In mentabolic terms, that means being tuned too specifically to a certain fuel type. Either being hooked on TikToks and not reading or developing an allergy to what would otherwise be fun memes.
Mentabolic Health
I’ll beat this drum even if it gets me in trouble. Short form video is fine. Long form essays are fine. As you can imageine, there are big advantages to being mentabolically flexible. People who demonize short form content are like hidebound proponents of the keto diet. “Deep work” is mentabolic inflexibility – distractions are not so much a hazard to productivity, but inputs that you haven’t yet figured out what to do with.

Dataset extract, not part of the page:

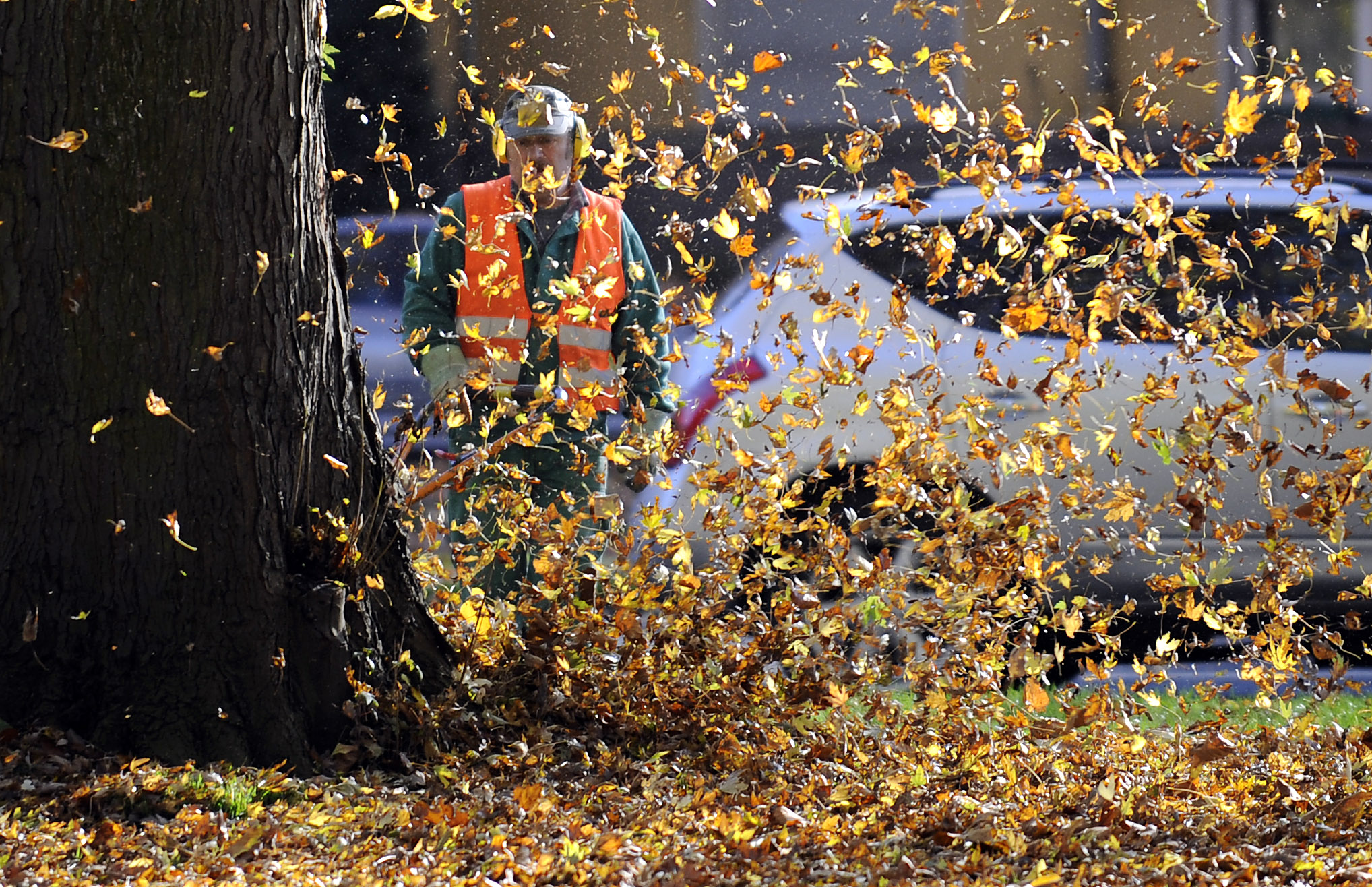 leaf blower leafblower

Humans are like raccoons – we can kind of eat whatever, provided we live an active, outdoorsy lifestyle. My heuristic for this is further explained in Cardio before Chemicals.
Mentabolic health isn’t just about your information diet or exercises. It’s also about physical health, although the connection isn’t as solid nor does it apply to everyone. Personally speaking, physical activity is like my mental vitamins. Lots of walking, jogging, disc golf, cycling, hiking → baseline training, builds my gas tank, keeps my fuel partitioning systems in good shape. Higher intensity training is a bonus, through things like lifting weights and soccer.

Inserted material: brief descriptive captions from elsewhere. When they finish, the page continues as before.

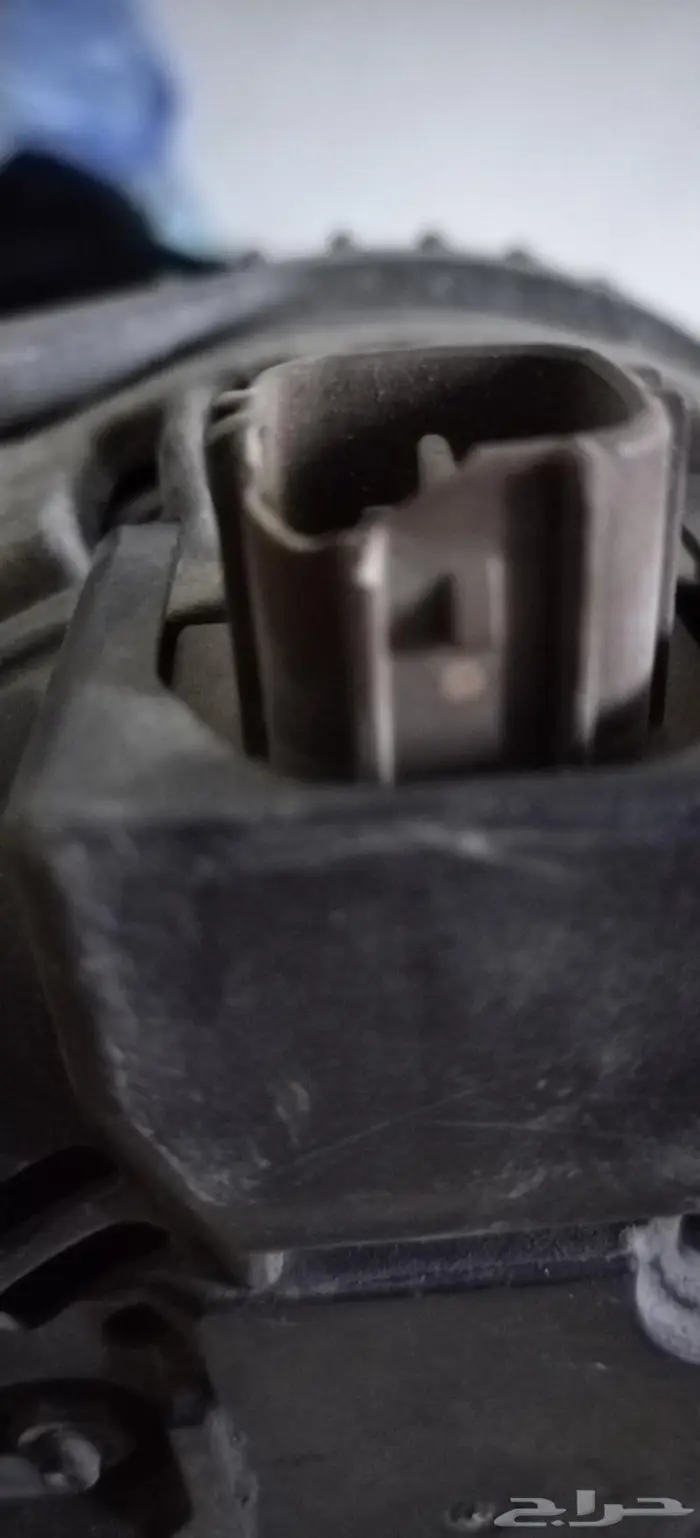 دينما جارج كامري 2016 و 2017 1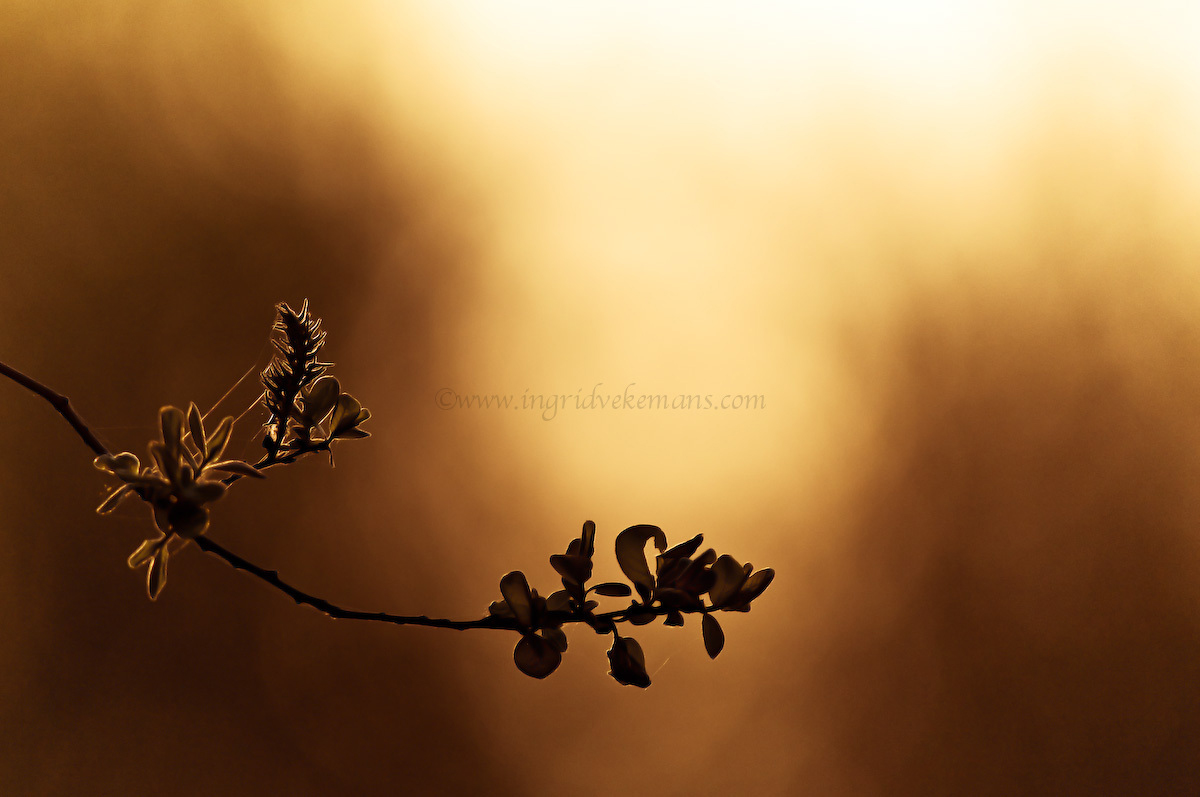 A Fine Spring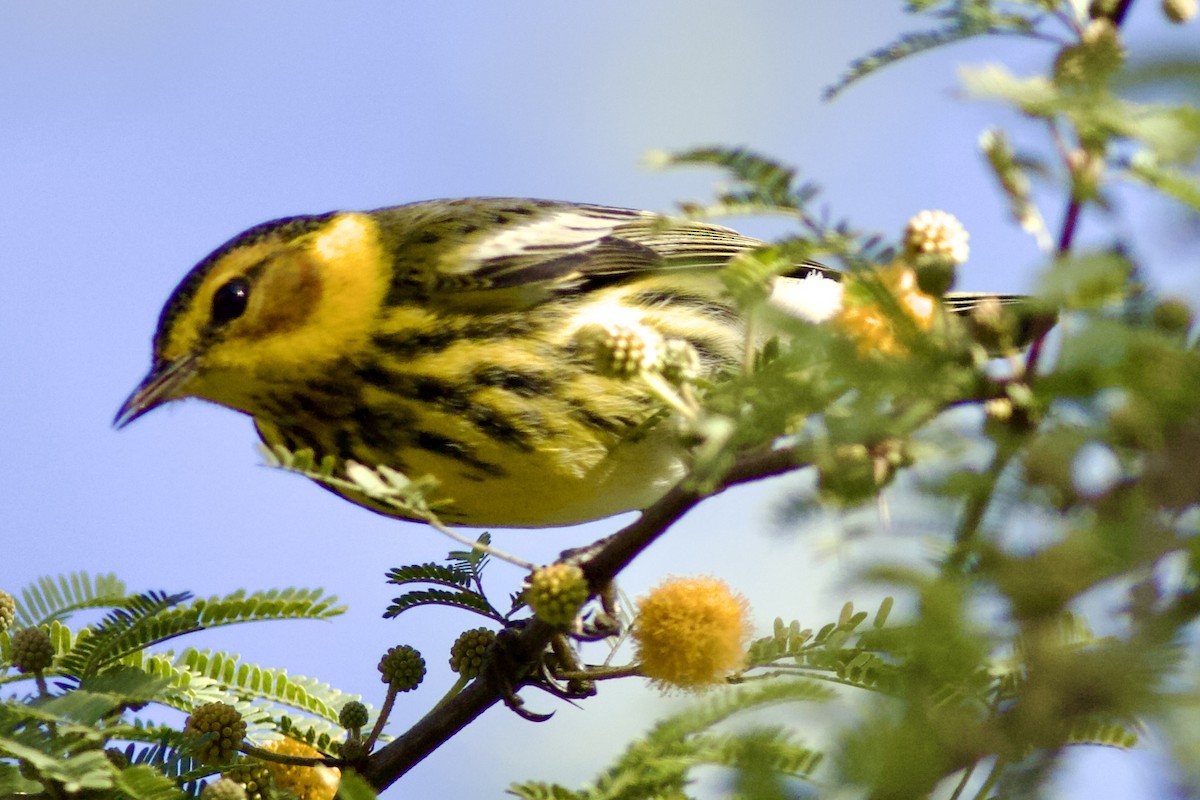 Cape May Warbler - ML614183082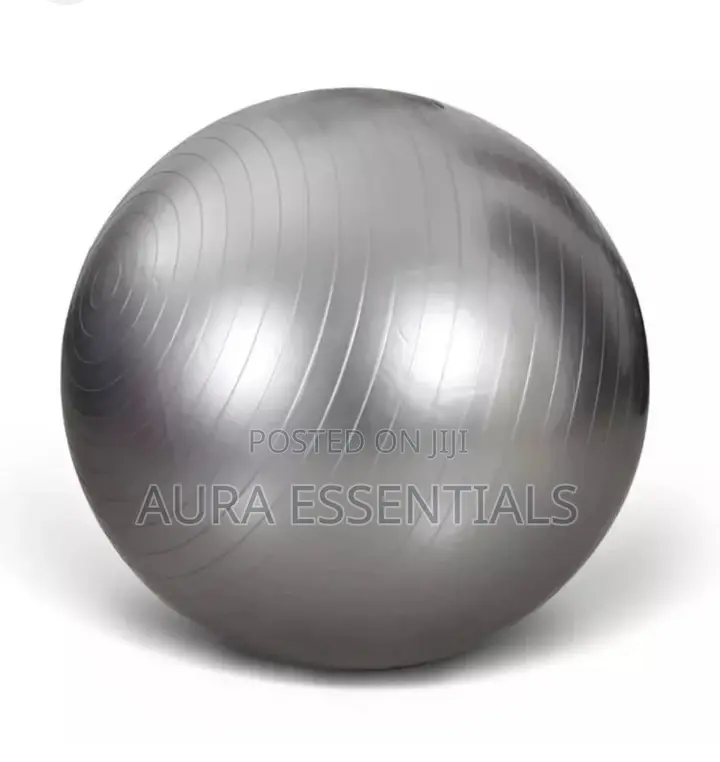 High Quality Yoga Ball / Gym Ball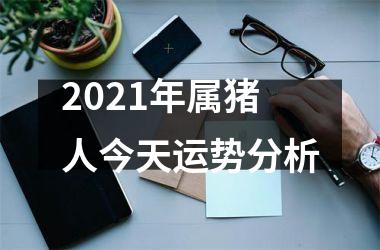 2025年属猪人今天运势分析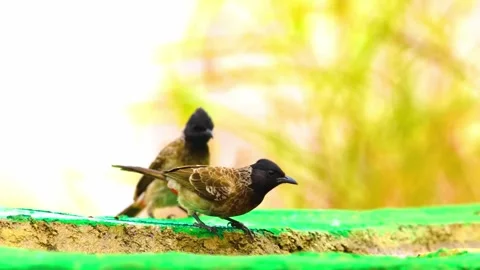 "Vibrant Bird Life in Pristine Landscape" Stock Footage 290107623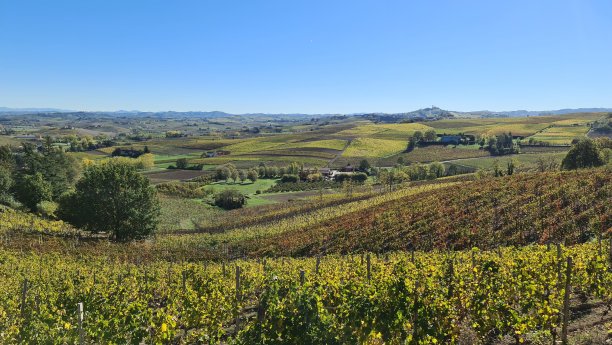 秋天的葡萄园图片下载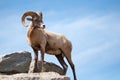 Dall sheep Royalty Free Stock Photo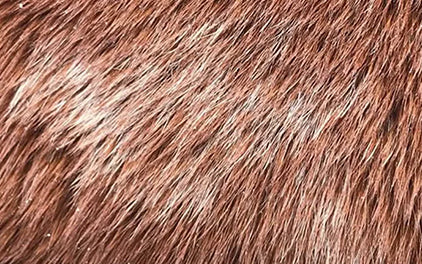 Stichelhaare beim Pferd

Some people don’t feel any improvement in their professional life from being physically fit. Fair enough. If anything, the main, immediate benefit for me is being a more agreeable person. And getting along with people is valuable.

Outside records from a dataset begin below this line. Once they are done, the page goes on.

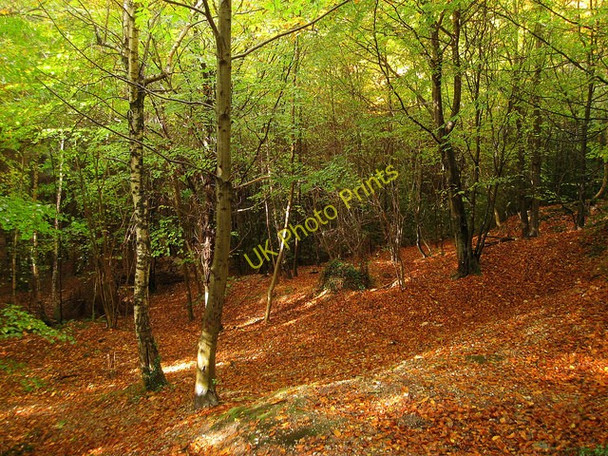 Photo 6"x4" Raised Beach, Slindon Wood Slindon\/SU9608 c2010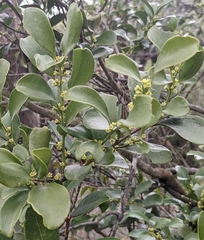 Dendrotrophe varians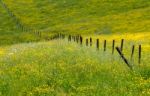 Yellow Meadow Stock Photo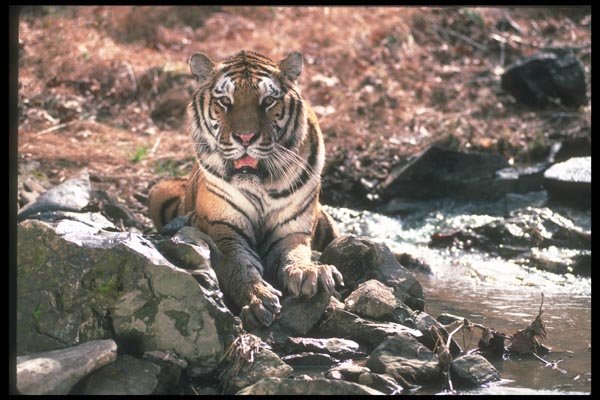 108060 Tiger At Brightly Lit Waterhole A4 Photo Print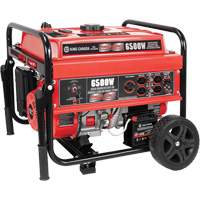 Electric Start Gas Generator with Wheel Kit, 6500 W Surge, 5000 W Rated, 120 V/240 V, 20 L Tank We Share Industrial Supply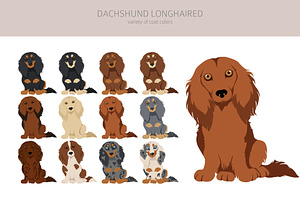 Dachshund Longhaired Clipart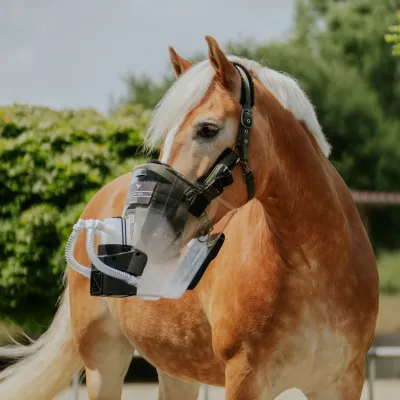 Inhalatoren für Pferde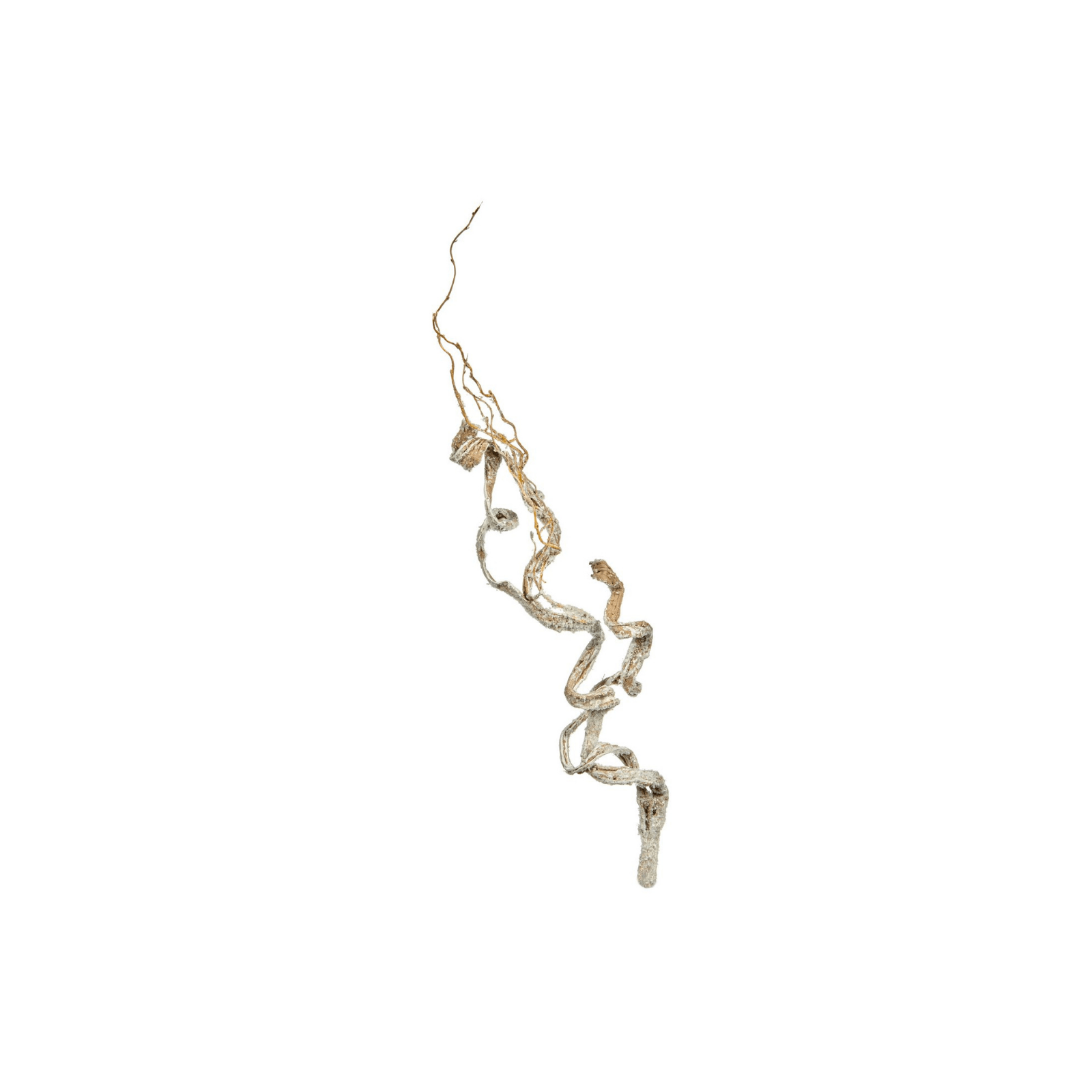 Crenguta Snow Curly Twig Branch White - Eclair.md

“The ability to get along with people is as purchasable a commodity as sugar and coffee. I pay more for that ability than any under the sun.” — John D. Rockefeller
The other primary benefit is more important. Being in not-bad-shape (I’m not saying become a pro athlete, or even a serious one) means that you’ll be in the game for longer. If your professional peak is decades away… kind of a no brainer to spend some extra time walking, thinking, observing.
A great career isn’t about sprinting harder. It’s about building a bigger tank – and learning to burn the right fuel.
This is such a fun framing!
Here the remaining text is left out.